The skill rewrite is where the design really clicked for me. The original OpenClaw skill calls Python directly and expects OPENAI_API_KEY in the environment - you can read it here. The refactored version doesn't touch credentials at all. It just posts to an internal URL. That is the entire skill.

POST http://openai-image-gen:5000/generate

From the agent's perspective, that one line is the whole change.
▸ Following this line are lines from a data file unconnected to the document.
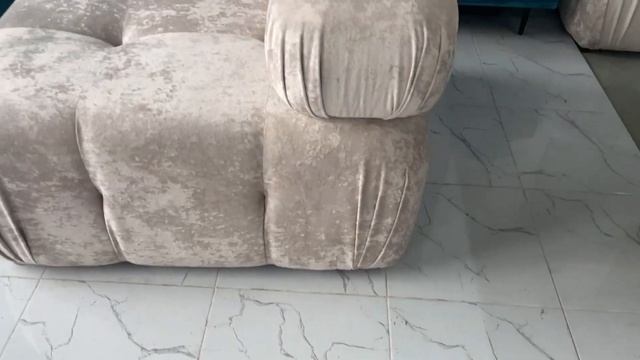 Модульный диван, Маффин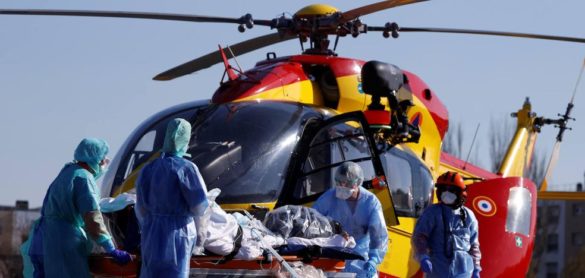 el-gobierno-admite-que-la-falta-de-material-dispara-el-numero-de-contagios-entre-los-sanitarios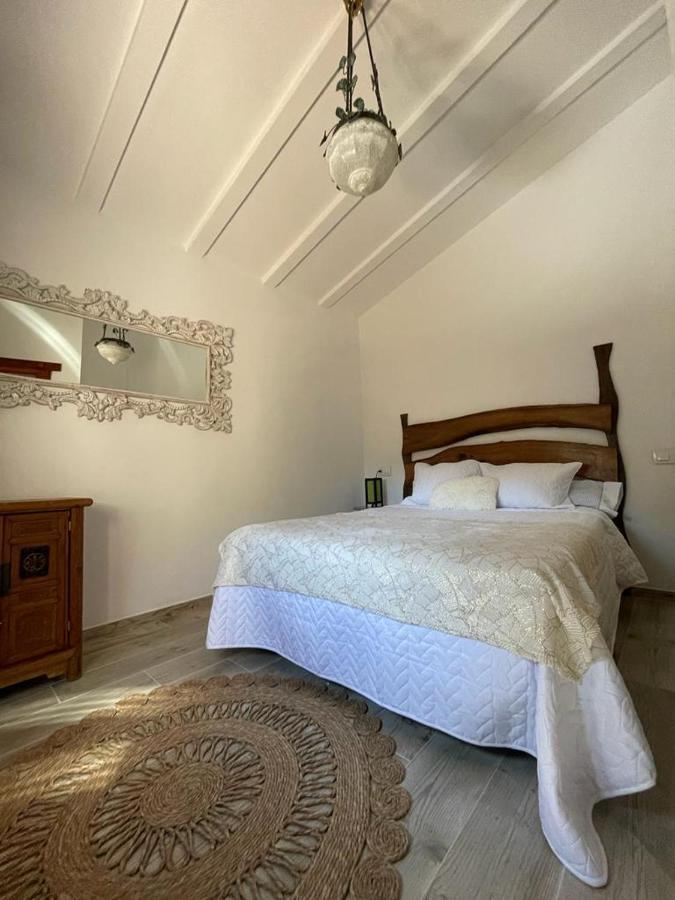 Cortijo La Noria II Lägenhet Puebla De Don Fadrique Exteriör bild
The skill sends a request and the service handles authentication. The credential never crossed the network boundary into the agent container. The openai-image-gen source is a separate repo you can fork and adapt for other tool services.

Trade-offs: When to Add This Complexity

Two services to build, an internal network to manage, and secrets files to provision before launch - this is real overhead. Worth it when the tool holds a third-party API key, the agent runs in a shared or production environment, or the skill came from a public registry. Probably overkill if you are prototyping on a trusted machine with low-sensitivity keys.

For new tooling, MCP (Model Context Protocol) is worth a look - it offers a standards-based channel with per-client consent, which solves a similar problem with less hand-rolling. It has its own attack surface (SSRF, session hijacking), but it is a reasonable alternative to a custom HTTP wrapper.

One caveat: Docker isolation is defense-in-depth, not a guarantee. Container escapes exist. Non-root user and no-new-privileges: true are required, not optional.

Next Steps

The heuristic is simple: if a skill or tool touches a credential, containerize it. Give it an HTTP interface. Keep the credential out of the agent's reach entirely.

Fork agent-tools-at-arms-length as a starting template and adapt the openai-image-gen service for your own tool. Audit your existing skills for any that read from environment variables. For new tooling, check whether MCP fits your stack before building a custom HTTP wrapper.

The goal is straightforward: a bad prompt or a compromised skill package should not be able to reach your most sensitive keys.